Pope graduated from Boston College in 2015. At the Jesuit university, he was steeped in service and spent a semester in South Africa, studying and volunteering at an orphanage for children with AIDS. Most recently, he taught middle school history and coached football and baseball at his alma mater, Roxbury Latin, in West Roxbury, Massachusetts.
"I've had a small glimpse of the power of other cultures and their rich diversity. This experience will hopefully transform me in a different way," he said.
"In the past, as a volunteer, I'd get back on the bus at the end of program. Now, I'll be one of the people who gets off the bus and stays," Pope said.
He will attend language school in Musoma, Tanzania, before selecting a ministry opportunity within Maryknoll Lay Missioners' longtime program in Tanzania.
The annual orientation is "the tip of the iceberg" to give the newcomers the tools they need to succeed in a cross-cultural experience, according to Debbie Northern, MKLM's training and educational programs manager. It combines organizational history and values with spiritual development necessary to thrive in the missions, and practical knowledge about living overseas, she said.
Orientation is a continuing exploration of a candidate's call to mission, said Joanne Blaney, director of mission services. The program addresses living with ambiguity and helps to develop openness to new ways of living and using skills, she said.
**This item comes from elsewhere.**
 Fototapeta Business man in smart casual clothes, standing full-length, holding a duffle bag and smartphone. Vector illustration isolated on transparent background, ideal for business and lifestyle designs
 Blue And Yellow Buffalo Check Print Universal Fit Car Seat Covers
Northern served in Tanzania and El Salvador, and Blaney recently returned from 18 years in Brazil. They said the orientation process begins with candidate selection and country placement in July, continues through the formal program at headquarters and extends beyond the "sending ceremony" in December to in-country language training and acculturation.
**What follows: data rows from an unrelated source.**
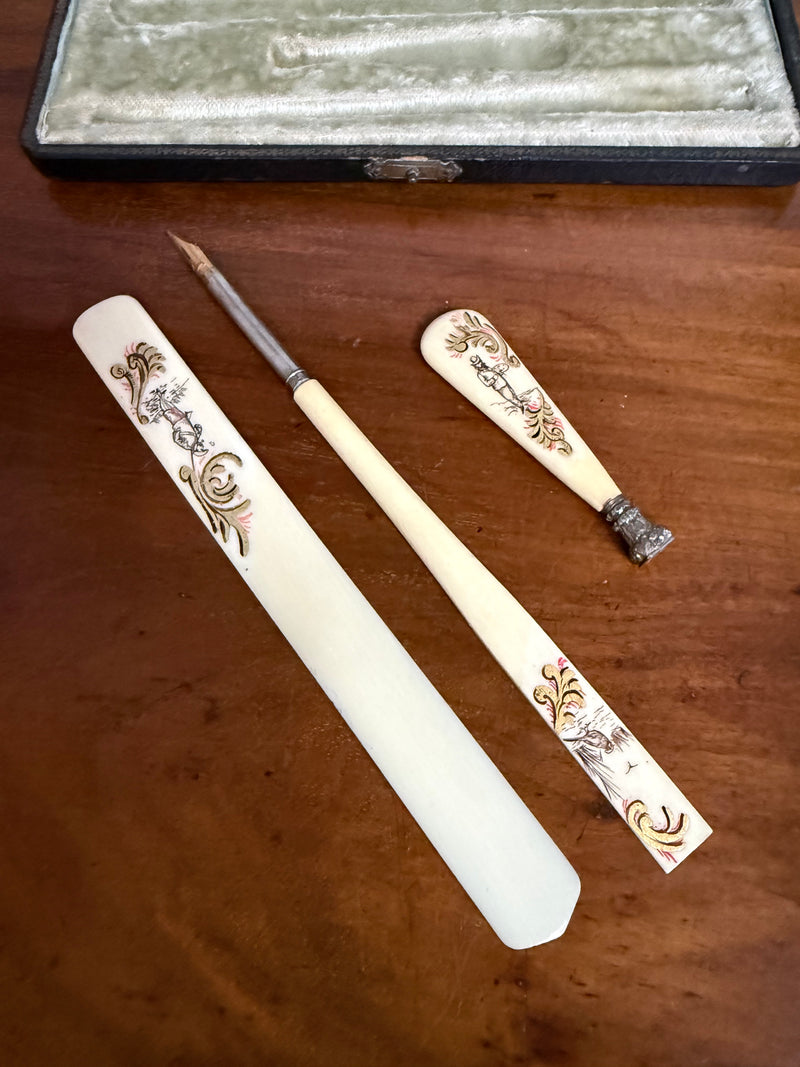 French Antique Ivory & Silver Writing Set C1880's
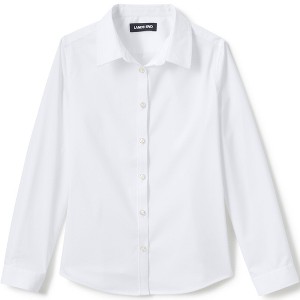 Lands' End School Uniform Kids No Gape Long Sleeve Stretch Shirt - 1 of 3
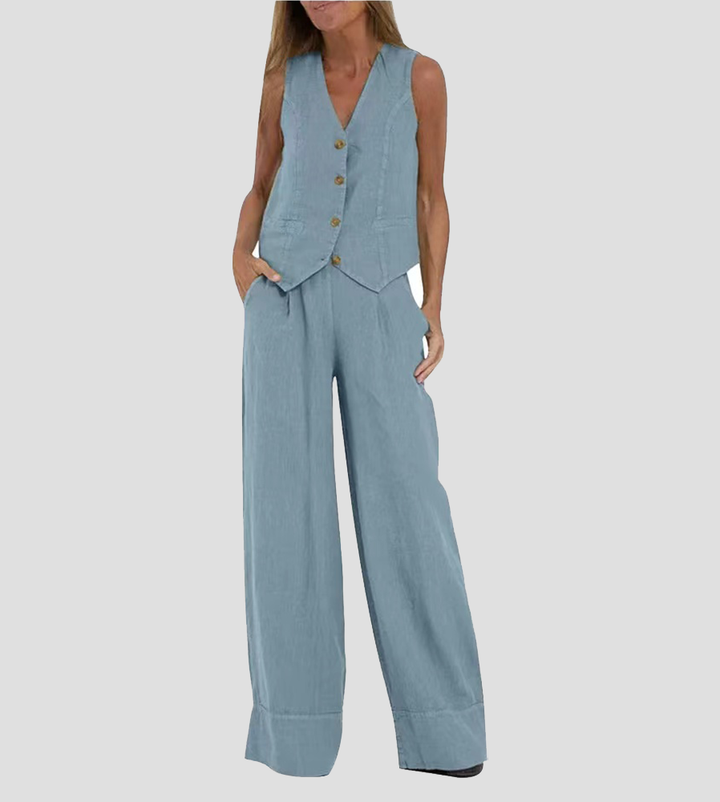 Aira - Buttoned Waistcoat & Wide‑Leg Trousers Co‑ord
"The objective is to match the needs of the people in the country with the skills of the people we send," Blaney said. "The goal is to get everyone started in a ministry site and continue their orientation meetings so we can accompany people to do well."
Maryknoll lay missioners commit to an initial contract of three and a half years.
Elizabeth Donnelly spoke to the orientation class Nov. 10. A returned Maryknoll lay missioner who served in Peru, she is a trustee of the Mary J. Donnelly Foundation and a frequent speaker and writer on international Catholic issues.
Donnelly briefed the group on the Catholic Church's advocacy for debt relief for poor countries, care for creation, economic justice, and the role of women in the church.
She urged the candidates to make a connection with their local dioceses, "inform people back in the U.S. of the realities of life and see if there are areas of interconnection."